Neither player scored a goal at the World Cup and their World Cup ratings are virtually identical. For the rest of the year, Messi is in front by a mile. I know it’s important to reward players who perform well on the world’s largest stage. But the fact remains that any player can have a good stretch over the eight weeks the World Cup takes place.
I tend to place a bit more weight on the rest of the season, as players are likely to revert to the mean over time. Thus, my vote is for Messi. Here is why:
1. Messi is in front by a mile based on his La Liga and Champions League performances. Look at the Castrol Ratings: Messi 1,207 vs. Xavi 776, a difference of 431 points!
2. World Cup performance is virtually identical 8.77 (Xavi) vs. 8.76 (Messi). Neither player scored.
3. We already know Messi is far and away the best player in the world.
4. Iniesta had only two goals during the World Cup, one of which was the winner against the Netherlands in the Final.
I’ve always been of the opinion that to be the best, you have to beat the best. Thus, in order to dethrone Messi, Xavi would have had to make a really compelling case. For example, if Xavi had finished as one of the Top 5 rated players at the World Cup and won the World Cup that might have been enough.
Statistically his performance was virtually identical to Messi, the only difference being that he actually won the World Cup with Spain.
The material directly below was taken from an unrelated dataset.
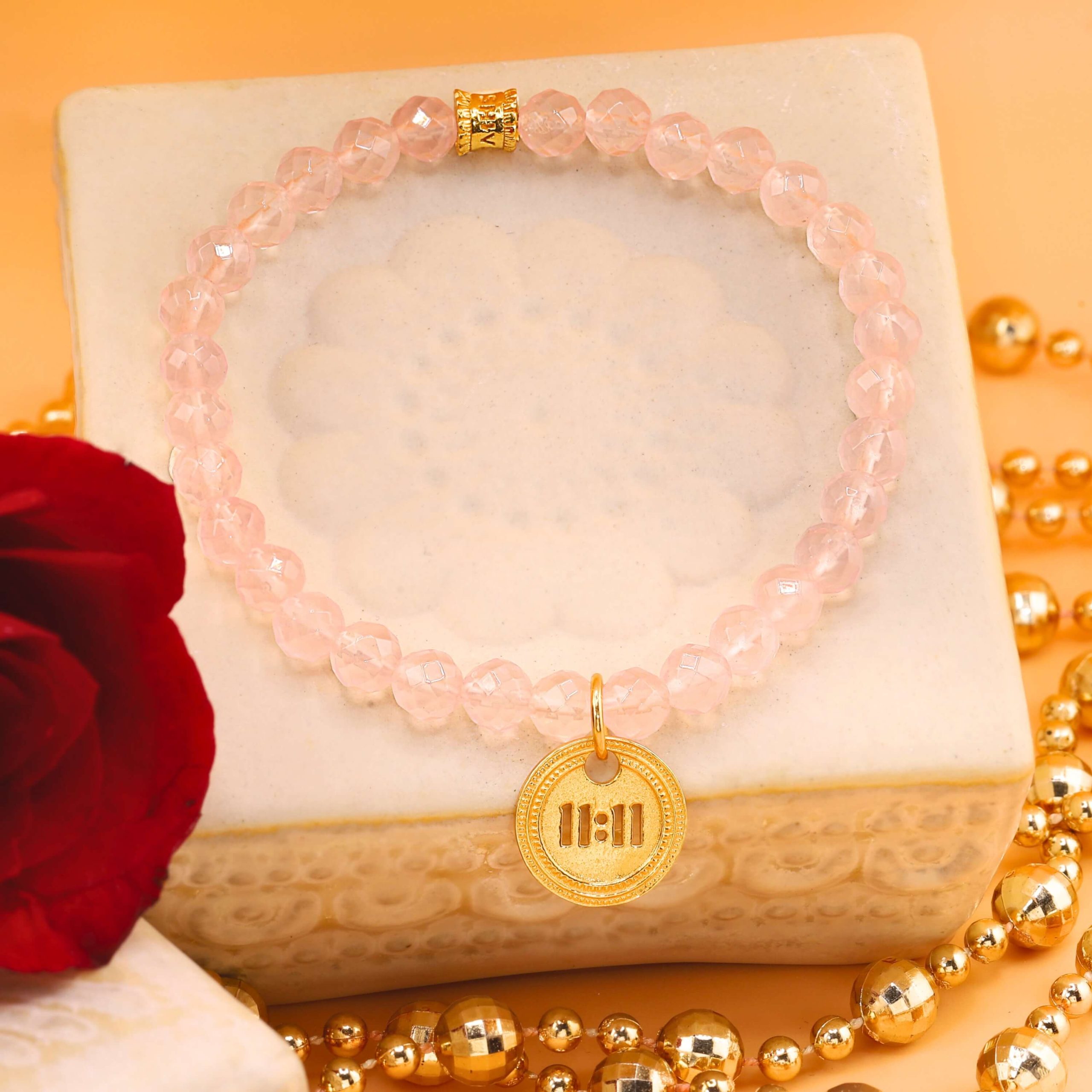 1111 Bracelet – Rose Quartz (gold) 5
Ultimately, it’s the journalists and the coaches and captains who will vote for this award. How will they see it? Part of me thinks they want to reward the team that won the World Cup (i.e. Spain). This would narrow the race down to Xavi and Iniesta. Could Inieta’s winning goal have won the award for him? For me, neither of these players has done enough to dethrone Messi.